Last week we had a very windy day and one of the three tall pines in our back yard snapped in two.  The odd thing is that I watched it happen.  Two things struck me.  One was my instinctual protective mother action of gasping aloud, grabbing hold of Carina and pulling her tight against me.  Even though we were separated from the tree by an exterior wall and 20 feet of deck/flooring.  At least I know I have the instinct.
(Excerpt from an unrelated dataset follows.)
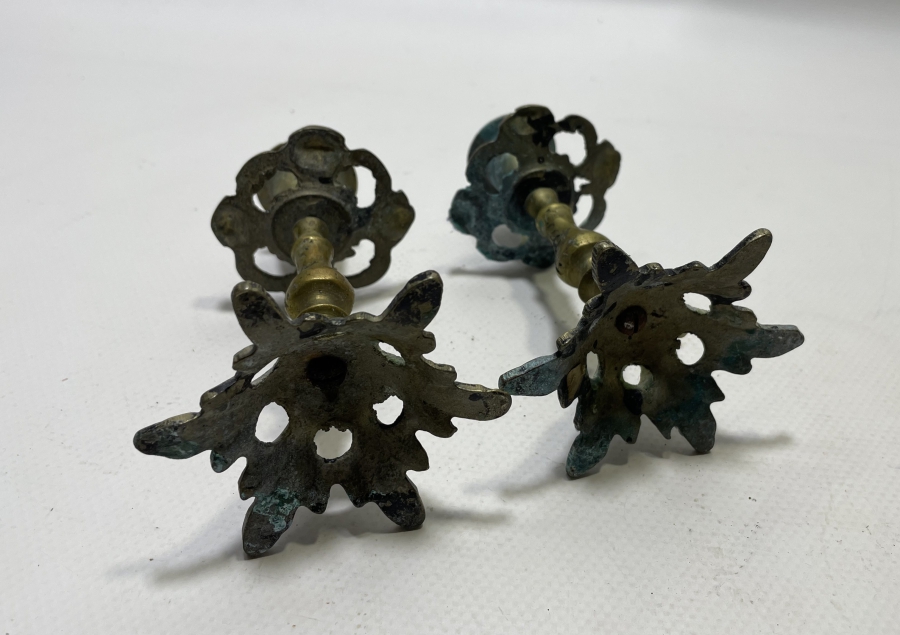 İKİ ADET ANTİKA BRONZ ŞAMDAN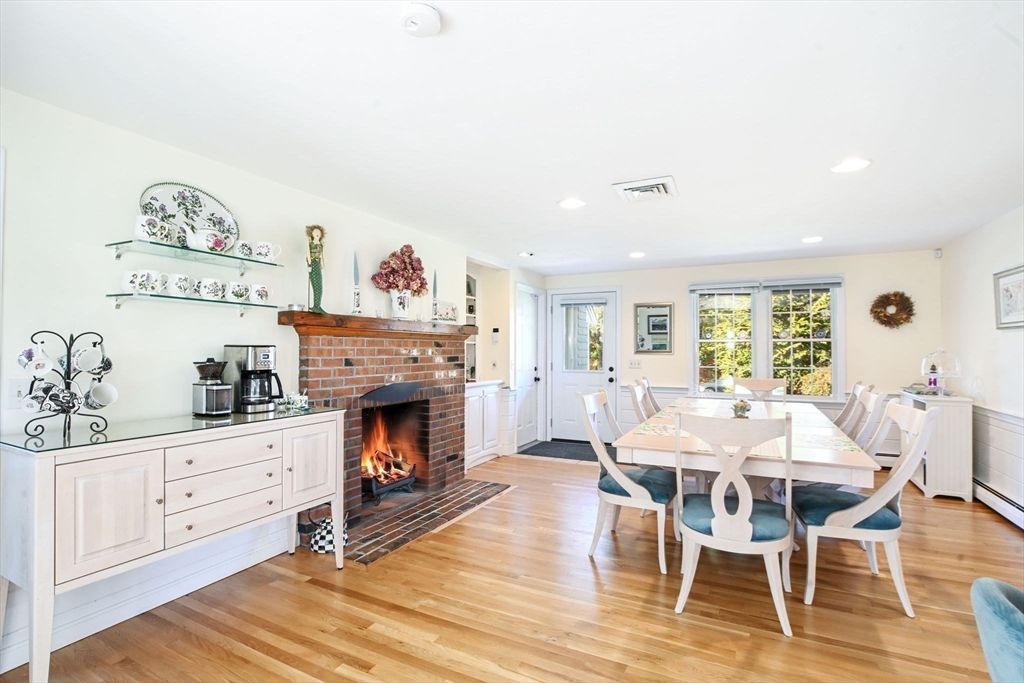 Dennis, Massachusetts 02641, United States, 3 Bedrooms Bedrooms, ,3 BathroomsBathrooms,Residential,Pending,241289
The other thing that was interesting was the sound and feel of the tree falling.  I was sitting on the couch in the living room when the tree caught my attention with a dual-report popping noise, and not only did I see it fall past the window, I heard it whooshing through the air.  When it hit the ground a story and a half below us, I felt it.  I was very glad it fell away from our house and our neighbor’s house.  And now I feel semi-qualified to answer that question about “If a tree falls in the forest…”

Once that tree fell (which was alive) we noticed that the even larger tree behind it was dead.  So we knew we needed to remove it in order to not have a replay of the event described above, which left only the smallest, most-likely-to-hit-the-neighbors’-house-if-it-fell tree, so we decided to remove it too.  Our lot is very sloped, and these trees are at least 30 feet tall, so there was some concern about how to get them out of the back yard.  Luckily, our insurance company happened to send us to a tree service that means serious business.  Many of our friends joke that Craig likes to do things that are EXTREME.  So this was right up his alley.  To bad he was at work and missed all the action.

If you look closely, you can see the guy climbing up the tree to cut the top off (this is the tree that’s dead).

Everyone should have a crane parked in the yard at least once in their lives…

And have a telephone pole dangled over their rooftop…

And a big claw-truck thingy that scares the children.

And the A-#1 source of entertainment for the day for ourselves and several of the (incredibly understanding) neighbors was this, which happened five or six times when it was all said and done.

I’m glad that if the trees had to be removed, it happened the way it happened and when it happened.  But honestly, I really miss my trees.  I loved those tall pines. I liked to watch them sway (ironically) in the breeze, and the kids and I watched the birds and squirrels play in the tops.  I spent many a late evening laying on the couch looking up at the sky through their branches. I wonder if the woodpeckers miss them.  I wonder what happened to all that wood. I never knew being a tree hugger could take an emotional toll.